Nach 50 Jahren: Der deutsche Laden in San Francisco stand kurz vor dem Kollaps
Zuletzt war Seyfert noch im Business Development tätig, 2016 folgte sie ihrem deutschen Mann nach San Francisco. Jetzt räumt er die Regale auf, stapelt Diebesgut, Wurst und Schokolade, steht an der Kasse und erfüllt die Wünsche der Kunden – auf Englisch und Deutsch. “Hast du Nudelmischung?” fragt ein Anrufer. Natürlich gibt es bei “Lehr’s” Knödelmischungen aller Art.

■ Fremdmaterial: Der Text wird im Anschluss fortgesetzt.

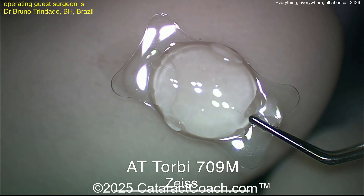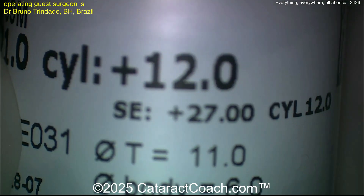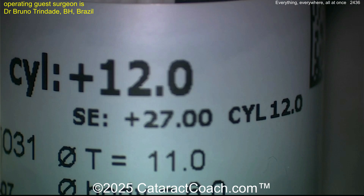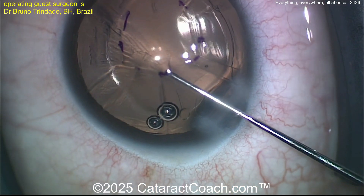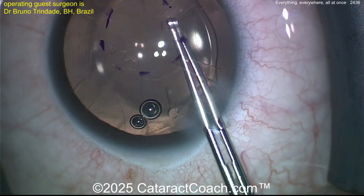Here's the special lens — a high-power toric lens with a high degree of toric correction. You can take a look at the profile of this lens: that's 12 diopters of toric correction, and the sphere equivalent of this lens is 27 diopters. So that's 12 diopters on the corneal plane which, if we extrapolate, will obviously be less at the spectacle plane — maybe about 70 percent of that.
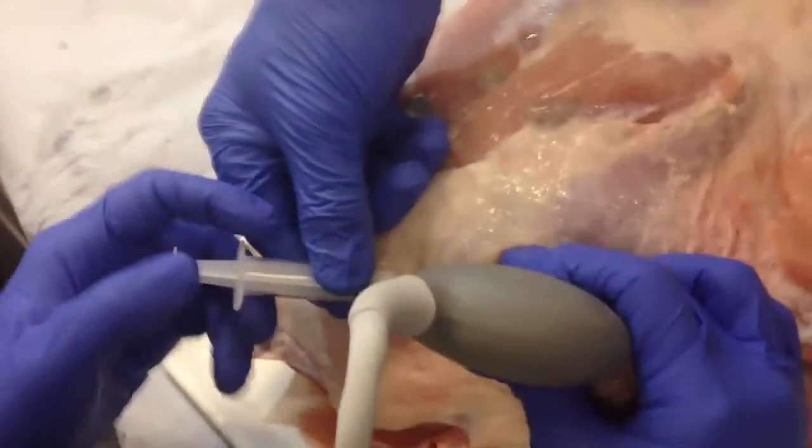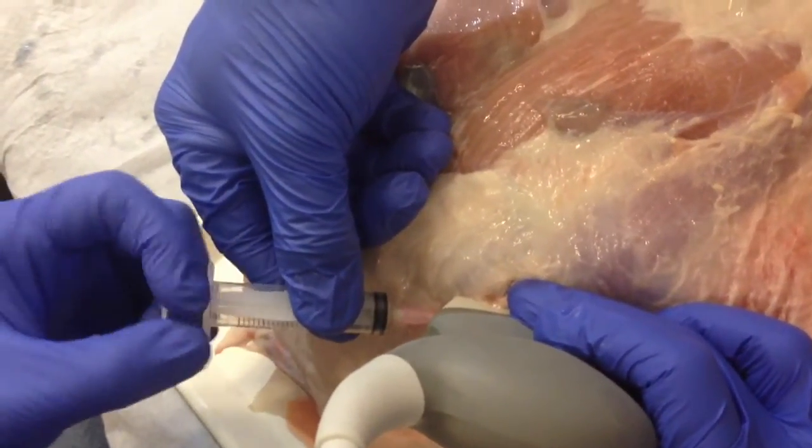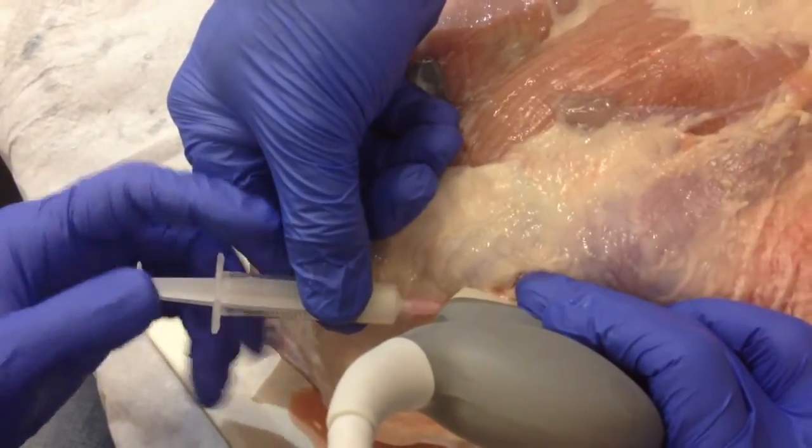Inject, aspirate. Inject, aspirate. So this is the lavage — inject, aspirate. Aspirate, aspirate, aspirate.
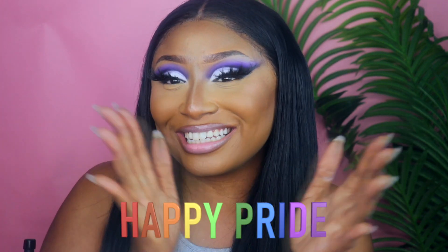Hi guys! Welcome back to my channel, and if you are new, welcome. I am Jay. So in today's video — oh, before I even say that — happy Pride, guys!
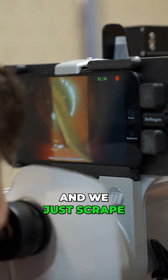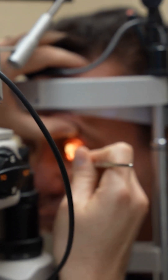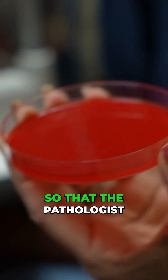And we just scrape. Removing epithelium is actually a good thing — it helps expose the area for the antibiotic. We make a little C pattern so that the pathologist can know that it's corneal tissue.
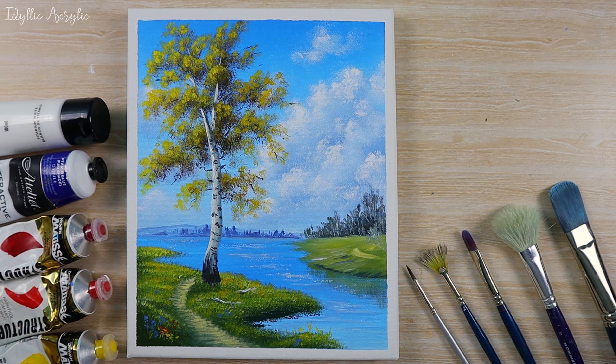And why not add some highlights on the water where that autumn sun is just sparkling on the top. Thanks for painting with me today — if you've enjoyed the video and it's been helpful, please hit that like button for me. See you next time!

Brigitte Lehr (links) übergab ihren Laden nach fast 50 Jahren an Hannah Seyfert. dpa | Barbara Manner

Der Laden im Stadtteil Noe Valley in San Francisco ist seit den 1970er-Jahren eine urige deutsche Institution, seit fast 50 Jahren steht Brigitte Lehr aus Bad Kreuznach hinter der Theke. Die alten Holzregale waren mit allen erdenklichen Importen „Made in Germany“ gefüllt: von Makronen und Sauerkraut über Vanillezucker bis hin zu Bierkrügen und Nudelgerichten. „Ich bin zu alt“, scherzte die immer noch smarte Geschäftsfrau kürzlich beim Weihnachtseinkauf in ihrem ehemaligen Laden.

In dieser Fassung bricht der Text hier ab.